At Easton there was a Roman station, halfway between Casterton and Ancaster. It was important as being the last roadside watering place, the Ermine Street passing through a waterless tract for the next twelve miles.
A NORMAN HOUSE
A mile and a half to the east, the Great Northern line tunnels under Bassingthorpe hill at 370 feet above sea level, and, with the exception of one spot in Berwickshire, this is the highest point the line attains between London and Edinburgh. Immediately after this the line crosses the “Ermine Street,” which from Stamford to Colsterworth is identical with “the Great North Road,” but it splits off to the right a mile south of Easton Park, and keeping always to the right bank of the Witham, takes a straight course to Ancaster, leaving Grantham three miles to the left. After this parting, the North Road crosses to the left bank of the river and runs up to Great Ponton. The tall tower of the late Perpendicular church, built in 1519 by Anthony Ellys, merchant of the staple, of Calais, who lived in a manor house in the middle of the village, has Chaucer’s phrase, “Thynke and thanke God of all,” carved on three sides of it.
Inside is a very early font, possibly Saxon; a large square bowl chamfered on the under side resting on a square stone. The tower is unlike anything in the county, but has counterparts among the churches of Somersetshire. The base moulding is enriched with carving, and the double buttresses have canopied niches excellently worked. The belfry has large double two-light windows under a carved hood-mould, as at Grantham and All Saints, Stamford. The gargoyles are remarkably fine, one shows a face wearing spectacles, and the whole is finished by a fine parapet and eight pinnacles.

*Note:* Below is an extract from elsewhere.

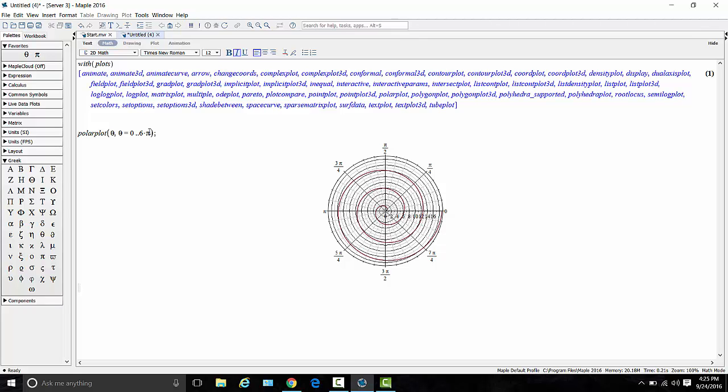So with this roping in of plotting commands with the with plots command and also the use of polar plot, you can generate quick polar coordinate graphs pretty easily. So if you need them to generate bounds for a double integral, you know what you're looking at.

Little Ponton is dedicated to St. Guthlac, which implies a connection with Croyland. Four miles east of Great Ponton is the village of Boothby Pagnell, where the Glen rises. Here is a twelfth century manor house, supremely interesting as being one of the very few surviving examples of Norman Domestic architecture. It is in the grounds of the modern hall. The lower story is carried on vaulted arches and the upper rooms were reached by an outside staircase. These are a hall and a chamber with a thick partition wall; each had a two-light window in the east wall, with window seats on either side. On the opposite side is a fine fireplace with a flat arch formed by joggled stones and a projecting hood, and a round chimney-shaft. The lower groined story had also two rooms, possibly the larger was a kitchen, and the other a cellar. The barrel roof of this has its axis at right angles to the larger room, the heavy vault-ribs of which are in two bays, with low buttresses outside to take the thrust of the roof. The building at St. Mary’s Guild, Lincoln, the hall at Oakham, and a somewhat similar building at the north-eastern boundary of Windsor Castle are of corresponding date to this. Robert Sanderson, who was expelled as a Royalist, but on the restoration was made Bishop of Lincoln, and whose saintly life is dwelt on in “Walton’s Lives,” was incumbent here from 1619 to 1660. The whole building has been beautifully restored by Pearson, thanks to the munificence of Mrs. Thorold of the Hall.
The course of the river between Grantham and Lincoln is through a totally different country and may well claim another chapter.